Information supplied Start Marker

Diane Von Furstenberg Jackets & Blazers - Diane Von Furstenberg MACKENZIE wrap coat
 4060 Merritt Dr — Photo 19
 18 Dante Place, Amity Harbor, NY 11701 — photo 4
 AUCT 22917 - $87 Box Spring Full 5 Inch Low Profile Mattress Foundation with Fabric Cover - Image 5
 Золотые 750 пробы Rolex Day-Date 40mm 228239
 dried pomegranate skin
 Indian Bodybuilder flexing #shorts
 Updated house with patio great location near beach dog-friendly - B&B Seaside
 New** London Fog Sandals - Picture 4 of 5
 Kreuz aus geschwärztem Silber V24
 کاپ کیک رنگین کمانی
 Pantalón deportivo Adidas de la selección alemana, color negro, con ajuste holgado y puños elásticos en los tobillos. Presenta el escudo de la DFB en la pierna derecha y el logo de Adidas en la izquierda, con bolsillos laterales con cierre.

Information supplied End Marker

Task objective:
Give back one number only: the count of lines in the entries that hold the string "with".

Answer area:
2